*Problem description*:
Please keep to the lines below from the one with "Volkswagen Tiguan Allspace Life" through the one with "스키 강사 대표 이미지", and restate them word for word, ends included.

[Opening The input section]

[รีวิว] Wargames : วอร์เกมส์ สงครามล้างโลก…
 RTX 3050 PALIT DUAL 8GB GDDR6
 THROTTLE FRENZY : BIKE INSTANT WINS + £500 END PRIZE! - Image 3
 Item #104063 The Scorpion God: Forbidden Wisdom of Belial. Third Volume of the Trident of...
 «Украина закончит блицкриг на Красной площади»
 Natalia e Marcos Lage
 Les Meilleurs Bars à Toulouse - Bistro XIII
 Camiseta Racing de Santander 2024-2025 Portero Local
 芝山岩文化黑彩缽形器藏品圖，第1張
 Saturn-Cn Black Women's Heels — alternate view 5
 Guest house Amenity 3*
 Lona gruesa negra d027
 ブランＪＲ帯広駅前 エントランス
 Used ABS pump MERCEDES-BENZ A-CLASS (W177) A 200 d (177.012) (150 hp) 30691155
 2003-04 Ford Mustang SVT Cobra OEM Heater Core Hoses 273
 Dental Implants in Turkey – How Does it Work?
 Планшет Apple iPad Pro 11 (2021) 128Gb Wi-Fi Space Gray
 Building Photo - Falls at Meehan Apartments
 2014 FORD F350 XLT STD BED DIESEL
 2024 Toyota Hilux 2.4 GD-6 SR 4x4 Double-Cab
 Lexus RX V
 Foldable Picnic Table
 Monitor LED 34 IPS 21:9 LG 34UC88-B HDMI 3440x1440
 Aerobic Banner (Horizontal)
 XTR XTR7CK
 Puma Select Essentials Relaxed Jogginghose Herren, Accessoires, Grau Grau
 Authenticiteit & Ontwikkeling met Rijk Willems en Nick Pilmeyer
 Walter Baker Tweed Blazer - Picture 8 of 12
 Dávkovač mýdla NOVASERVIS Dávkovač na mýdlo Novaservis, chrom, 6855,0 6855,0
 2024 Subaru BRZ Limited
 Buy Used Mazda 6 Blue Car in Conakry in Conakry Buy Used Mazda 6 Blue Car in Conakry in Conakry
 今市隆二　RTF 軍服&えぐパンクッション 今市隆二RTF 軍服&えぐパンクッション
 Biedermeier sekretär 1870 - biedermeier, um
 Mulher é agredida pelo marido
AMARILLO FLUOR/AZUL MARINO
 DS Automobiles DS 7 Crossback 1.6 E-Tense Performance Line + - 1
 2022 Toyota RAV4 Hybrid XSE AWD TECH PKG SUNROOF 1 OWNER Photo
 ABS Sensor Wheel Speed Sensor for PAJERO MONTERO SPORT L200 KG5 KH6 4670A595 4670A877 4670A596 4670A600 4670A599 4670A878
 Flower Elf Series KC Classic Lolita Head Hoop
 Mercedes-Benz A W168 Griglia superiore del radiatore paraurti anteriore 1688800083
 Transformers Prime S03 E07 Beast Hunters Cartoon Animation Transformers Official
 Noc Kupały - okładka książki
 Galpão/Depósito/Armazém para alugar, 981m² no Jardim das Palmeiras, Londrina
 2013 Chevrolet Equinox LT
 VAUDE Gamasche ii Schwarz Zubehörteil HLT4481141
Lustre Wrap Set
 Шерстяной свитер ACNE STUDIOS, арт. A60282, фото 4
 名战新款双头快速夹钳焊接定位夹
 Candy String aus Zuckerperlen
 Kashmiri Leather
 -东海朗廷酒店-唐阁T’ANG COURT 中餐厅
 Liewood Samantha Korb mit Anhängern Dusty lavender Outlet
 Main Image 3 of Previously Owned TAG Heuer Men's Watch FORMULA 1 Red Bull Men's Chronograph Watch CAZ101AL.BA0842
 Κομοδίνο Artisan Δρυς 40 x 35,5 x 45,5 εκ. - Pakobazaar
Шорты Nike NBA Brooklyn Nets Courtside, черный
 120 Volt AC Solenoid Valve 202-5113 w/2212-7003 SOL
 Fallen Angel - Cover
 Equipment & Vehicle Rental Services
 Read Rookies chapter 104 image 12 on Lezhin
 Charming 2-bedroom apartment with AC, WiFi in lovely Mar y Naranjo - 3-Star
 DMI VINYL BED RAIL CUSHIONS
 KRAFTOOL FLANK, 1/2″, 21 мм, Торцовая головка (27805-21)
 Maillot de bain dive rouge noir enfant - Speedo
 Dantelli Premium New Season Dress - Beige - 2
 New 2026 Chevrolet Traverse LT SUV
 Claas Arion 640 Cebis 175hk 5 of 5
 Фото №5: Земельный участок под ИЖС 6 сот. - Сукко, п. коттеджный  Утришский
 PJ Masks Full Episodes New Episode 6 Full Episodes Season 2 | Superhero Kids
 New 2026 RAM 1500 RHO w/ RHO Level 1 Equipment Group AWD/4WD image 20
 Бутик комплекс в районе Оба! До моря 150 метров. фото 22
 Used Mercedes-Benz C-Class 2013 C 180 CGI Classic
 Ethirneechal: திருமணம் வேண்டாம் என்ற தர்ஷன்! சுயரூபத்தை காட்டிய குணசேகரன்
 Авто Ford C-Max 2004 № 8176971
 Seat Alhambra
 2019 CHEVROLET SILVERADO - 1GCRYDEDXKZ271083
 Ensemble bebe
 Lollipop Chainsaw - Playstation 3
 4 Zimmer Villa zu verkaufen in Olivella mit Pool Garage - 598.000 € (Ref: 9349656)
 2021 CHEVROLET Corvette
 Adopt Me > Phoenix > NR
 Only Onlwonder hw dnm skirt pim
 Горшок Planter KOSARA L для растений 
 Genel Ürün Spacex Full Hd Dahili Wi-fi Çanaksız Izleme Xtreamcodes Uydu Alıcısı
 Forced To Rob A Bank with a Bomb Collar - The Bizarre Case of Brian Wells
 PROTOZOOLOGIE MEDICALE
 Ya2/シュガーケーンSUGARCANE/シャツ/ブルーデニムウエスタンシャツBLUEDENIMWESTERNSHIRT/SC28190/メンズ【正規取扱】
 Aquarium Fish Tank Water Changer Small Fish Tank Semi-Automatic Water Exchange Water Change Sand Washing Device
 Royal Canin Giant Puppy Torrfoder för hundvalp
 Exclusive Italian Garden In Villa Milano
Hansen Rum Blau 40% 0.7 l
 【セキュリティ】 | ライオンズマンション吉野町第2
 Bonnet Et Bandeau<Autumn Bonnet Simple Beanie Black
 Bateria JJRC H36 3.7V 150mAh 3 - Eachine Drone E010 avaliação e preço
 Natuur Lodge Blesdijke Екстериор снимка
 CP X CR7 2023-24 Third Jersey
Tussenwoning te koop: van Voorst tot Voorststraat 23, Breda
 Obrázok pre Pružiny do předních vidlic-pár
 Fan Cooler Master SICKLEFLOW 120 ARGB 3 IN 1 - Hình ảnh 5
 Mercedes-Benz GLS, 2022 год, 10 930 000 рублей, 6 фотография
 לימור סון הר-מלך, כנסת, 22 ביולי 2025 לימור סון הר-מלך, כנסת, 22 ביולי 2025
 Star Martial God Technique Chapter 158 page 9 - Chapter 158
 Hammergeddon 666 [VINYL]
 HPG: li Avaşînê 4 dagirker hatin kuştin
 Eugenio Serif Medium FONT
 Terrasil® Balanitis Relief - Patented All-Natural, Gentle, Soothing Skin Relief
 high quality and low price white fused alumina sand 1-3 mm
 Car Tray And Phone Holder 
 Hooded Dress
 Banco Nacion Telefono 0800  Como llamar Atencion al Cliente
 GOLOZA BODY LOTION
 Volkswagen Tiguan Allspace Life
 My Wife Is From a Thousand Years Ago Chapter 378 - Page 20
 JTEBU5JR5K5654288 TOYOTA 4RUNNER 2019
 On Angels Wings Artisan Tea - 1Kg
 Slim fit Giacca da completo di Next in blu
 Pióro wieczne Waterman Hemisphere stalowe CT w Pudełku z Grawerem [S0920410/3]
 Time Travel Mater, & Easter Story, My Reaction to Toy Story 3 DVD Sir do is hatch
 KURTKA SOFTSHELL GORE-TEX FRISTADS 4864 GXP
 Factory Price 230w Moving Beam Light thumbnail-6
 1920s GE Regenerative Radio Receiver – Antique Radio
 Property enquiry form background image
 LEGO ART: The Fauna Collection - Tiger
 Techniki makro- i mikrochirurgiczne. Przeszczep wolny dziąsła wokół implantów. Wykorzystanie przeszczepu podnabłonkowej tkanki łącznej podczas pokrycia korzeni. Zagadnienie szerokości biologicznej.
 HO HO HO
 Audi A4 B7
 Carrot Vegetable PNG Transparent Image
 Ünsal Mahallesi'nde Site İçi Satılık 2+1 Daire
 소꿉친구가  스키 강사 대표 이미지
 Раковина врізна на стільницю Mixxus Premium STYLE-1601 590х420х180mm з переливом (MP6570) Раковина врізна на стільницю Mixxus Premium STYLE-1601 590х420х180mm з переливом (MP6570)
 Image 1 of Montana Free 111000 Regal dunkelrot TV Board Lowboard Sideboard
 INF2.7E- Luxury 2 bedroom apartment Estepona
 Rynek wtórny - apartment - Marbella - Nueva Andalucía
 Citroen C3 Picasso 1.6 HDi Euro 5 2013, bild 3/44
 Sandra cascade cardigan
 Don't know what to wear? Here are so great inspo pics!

[Closing The input section]

*Answer to the exercise*:
 Volkswagen Tiguan Allspace Life
 My Wife Is From a Thousand Years Ago Chapter 378 - Page 20
 JTEBU5JR5K5654288 TOYOTA 4RUNNER 2019
 On Angels Wings Artisan Tea - 1Kg
 Slim fit Giacca da completo di Next in blu
 Pióro wieczne Waterman Hemisphere stalowe CT w Pudełku z Grawerem [S0920410/3]
 Time Travel Mater, & Easter Story, My Reaction to Toy Story 3 DVD Sir do is hatch
 KURTKA SOFTSHELL GORE-TEX FRISTADS 4864 GXP
 Factory Price 230w Moving Beam Light thumbnail-6
 1920s GE Regenerative Radio Receiver – Antique Radio
 Property enquiry form background image
 LEGO ART: The Fauna Collection - Tiger
 Techniki makro- i mikrochirurgiczne. Przeszczep wolny dziąsła wokół implantów. Wykorzystanie przeszczepu podnabłonkowej tkanki łącznej podczas pokrycia korzeni. Zagadnienie szerokości biologicznej.
 HO HO HO
 Audi A4 B7
 Carrot Vegetable PNG Transparent Image
 Ünsal Mahallesi'nde Site İçi Satılık 2+1 Daire
 소꿉친구가  스키 강사 대표 이미지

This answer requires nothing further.